It doesn't get better.
posted by three blind mice at 7:32 AM on October 7, 2012 [3 favorites]


It is really good that you are in couples' counseling. Can you have a session just on your own? You really need to flush out all these emotions with someone in a safe environment.

Even if you break up with your girlfriend, you should not pursue the crush until you are more sure of yourself. You sound very young and a bit un-formed. You probably won't be a great husband until you have had a bit more life experience.

Your girlfriend wants to get married and have a big wedding. You do not. What else do you not agree on? Is this going to cause problems down the road? Will she pout and argue every time she doesn't get her way exactly? Will you shut down and sulk when you don't? And what about the sex? It's not going to get better once you are married. It might be time to take a break and re-visit the relationship in a few months.
posted by myselfasme at 7:40 AM on October 7, 2012 [2 favorites]

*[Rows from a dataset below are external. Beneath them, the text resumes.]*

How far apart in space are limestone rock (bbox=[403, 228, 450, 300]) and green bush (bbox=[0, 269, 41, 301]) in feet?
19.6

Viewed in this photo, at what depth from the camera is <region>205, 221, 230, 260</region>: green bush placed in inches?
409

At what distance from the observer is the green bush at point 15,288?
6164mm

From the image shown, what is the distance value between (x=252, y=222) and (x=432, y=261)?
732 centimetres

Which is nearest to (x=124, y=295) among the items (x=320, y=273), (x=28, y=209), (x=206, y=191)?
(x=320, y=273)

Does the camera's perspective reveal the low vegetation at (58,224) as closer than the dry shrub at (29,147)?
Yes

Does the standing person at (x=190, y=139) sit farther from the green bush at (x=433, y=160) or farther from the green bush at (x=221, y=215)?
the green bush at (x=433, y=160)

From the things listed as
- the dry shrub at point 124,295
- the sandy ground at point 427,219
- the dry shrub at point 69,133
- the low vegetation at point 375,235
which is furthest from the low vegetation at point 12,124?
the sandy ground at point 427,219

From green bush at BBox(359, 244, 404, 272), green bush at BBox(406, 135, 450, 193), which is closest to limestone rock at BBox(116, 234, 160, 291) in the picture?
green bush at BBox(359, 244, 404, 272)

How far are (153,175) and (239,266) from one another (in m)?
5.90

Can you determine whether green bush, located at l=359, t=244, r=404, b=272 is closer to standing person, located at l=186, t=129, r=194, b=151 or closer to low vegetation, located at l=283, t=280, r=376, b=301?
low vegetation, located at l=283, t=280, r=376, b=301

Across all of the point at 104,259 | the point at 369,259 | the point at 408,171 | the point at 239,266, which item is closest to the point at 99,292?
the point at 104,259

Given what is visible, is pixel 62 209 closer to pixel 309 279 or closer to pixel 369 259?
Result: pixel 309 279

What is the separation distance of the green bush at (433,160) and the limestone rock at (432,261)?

I think the comments along the lines of seeing where counseling takes you are good. Think about what makes the crush so appealing - are there things about her that you actually like better in comparison to your fiancee? Or is it the appeal of something new? If it's the latter, how can you get some of that back with your fiancee? In any relationship, after a while there are bound to be ruts and times that are more comfortable than exciting. That doesn't necessarily mean the relationship is doomed, it just means you have to try some things to get some spark going again.

One other thing to consider is if the logistics of wedding planning overwhelm you, maybe talk to your fiancee about scaling things back a bit. I could imagine it would be very stressful for me if I didn't want an over-the-top event and my SO were asking my thoughts about seating arrangements and all these things that don't matter to me. If it seems like the wedding planning itself is becoming more important than what a wedding should celebrate, then you guys should have a conversation about dialing it back a notch.
posted by Terriniski at 7:41 AM on October 7, 2012


A friend got married just last year. Recently I've heard he has asked for a divorce. I don't know all the details, but he told me he went to the wedding already half convinced it was a bad idea, but carried along by circumstance, as you seem to be. As others have said, lots of alarms are going off for you. Listen to them.
posted by zadcat at 7:47 AM on October 7, 2012 [1 favorite]

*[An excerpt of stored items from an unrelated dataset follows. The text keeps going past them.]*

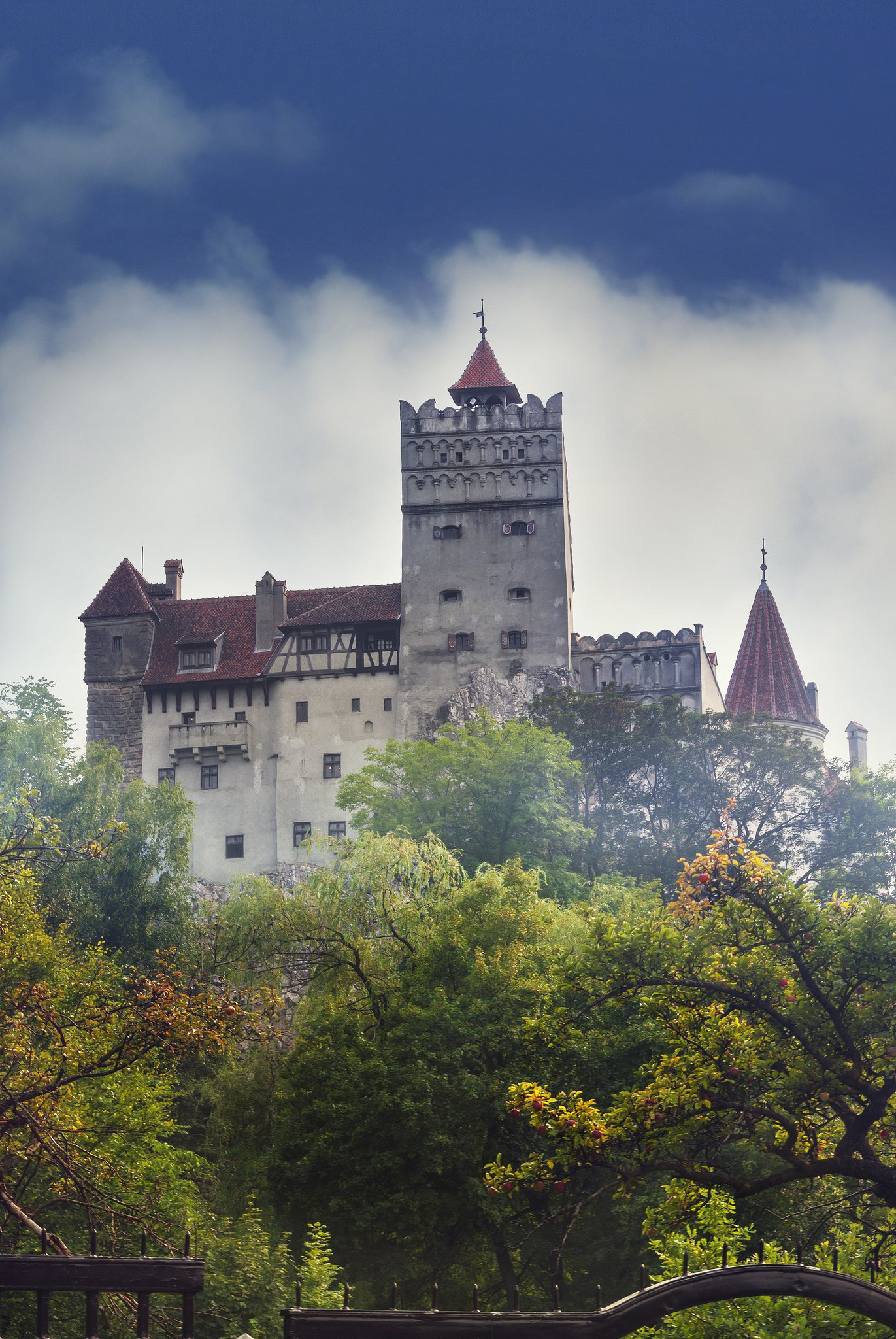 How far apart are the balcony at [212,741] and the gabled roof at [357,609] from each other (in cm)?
393

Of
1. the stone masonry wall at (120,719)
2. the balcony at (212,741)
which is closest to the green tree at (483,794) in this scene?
the balcony at (212,741)

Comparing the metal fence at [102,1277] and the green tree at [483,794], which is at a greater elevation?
the green tree at [483,794]

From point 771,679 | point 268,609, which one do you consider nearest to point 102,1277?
point 268,609

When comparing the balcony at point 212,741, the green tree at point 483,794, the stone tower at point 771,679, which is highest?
the stone tower at point 771,679

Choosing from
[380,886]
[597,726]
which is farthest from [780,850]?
[380,886]

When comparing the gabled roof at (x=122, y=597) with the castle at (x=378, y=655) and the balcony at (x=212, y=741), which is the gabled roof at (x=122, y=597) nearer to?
the castle at (x=378, y=655)

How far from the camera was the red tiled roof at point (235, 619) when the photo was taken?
56.6 m

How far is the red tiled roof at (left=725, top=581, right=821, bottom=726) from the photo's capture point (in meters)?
61.9

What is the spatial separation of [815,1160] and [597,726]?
119ft

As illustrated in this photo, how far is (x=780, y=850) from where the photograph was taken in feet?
149

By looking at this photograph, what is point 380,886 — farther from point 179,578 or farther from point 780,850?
point 179,578

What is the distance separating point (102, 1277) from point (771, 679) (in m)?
57.1

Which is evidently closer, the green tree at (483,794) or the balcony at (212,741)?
the green tree at (483,794)

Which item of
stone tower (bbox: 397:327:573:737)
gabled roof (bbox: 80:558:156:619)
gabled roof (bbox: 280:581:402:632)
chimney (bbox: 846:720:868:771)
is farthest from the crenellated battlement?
chimney (bbox: 846:720:868:771) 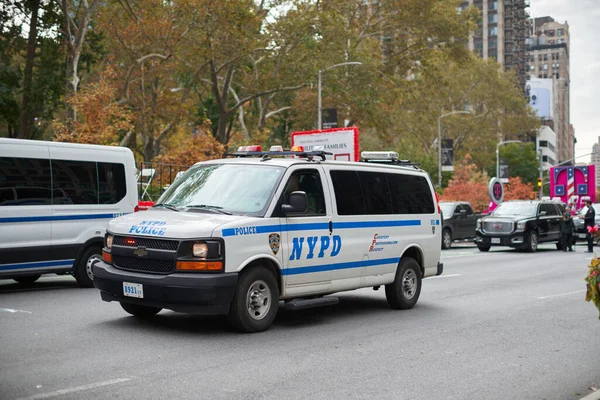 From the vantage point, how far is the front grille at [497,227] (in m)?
27.8

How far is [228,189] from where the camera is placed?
962 centimetres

Getting married because you have been with your girlfriend for five years and you feel like it was "time to take the plunge" does not a happy marriage make.

I think you need to do some soul-searching: Are you running away now because the stress of planning a wedding is getting to you? Were you really checked out of the relationship before the wedding plans began? Is being "comfortable" all you want in your marriage?

Whatever you decide, you must talk to your fiancée about how you really feel. Being distant is not helping her or the situation you're in, and is probably making it a ton more stressful.

Good luck!
posted by spooky car at 7:51 AM on October 7, 2012


I agreed to get married even though my heart wasn't fully in it because I felt like it was time to take the plunge, and because my girlfriend was pressuring me pretty much every day

This is the problem, not your crush. You shouldn't be marrying someone you're not actually excited to marry.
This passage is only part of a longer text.